Vitter wasn’t any happier…

“This report reveals exactly what I suspected all along – Obama administration officials appear to have deliberately disregarded the Information Quality Act to push their destructive moratorium that has crushed job growth along the Gulf Coast.  I initially requested this investigation on June 16 because I wanted to make sure that the federal government was basing policy decisions that would directly impact so many Louisianians on science – not politics.  Unfortunately, this report reveals the contrary.”

Not much new came out of the IG report, few believe its contention that the editing of the moratorium statement was an intent to mislead and this issue is only heating up given that a month after it was lifted permitting for offshore drilling in both deep and shallow water has proceeded at a glacial pace if at all, with terrible effects to Louisiana’s economy.

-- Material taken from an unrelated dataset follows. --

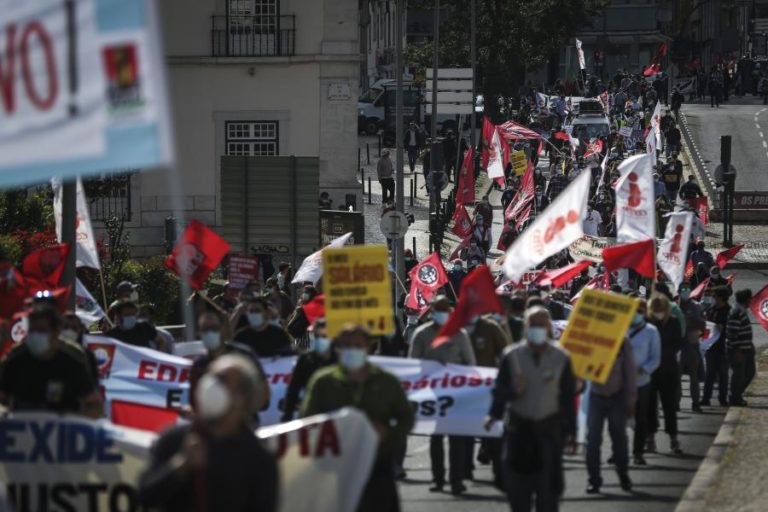 Jovens reivindicam em Lisboa estabilidade laboral e aumento dos salários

When Republicans take over as the majority party in the House in January, this issue certainly will receive a larger hearing. The tenor of the scrutiny applied to offshore drilling will largely depend on who receives the chairmanship of the House Energy and Commerce committee; on Monday, the Washington Examiner wrote a scathing condemnation of one candidate for that committee chairmanship – Fred Upton of Michigan, whose record on energy is atrocious for a Republican.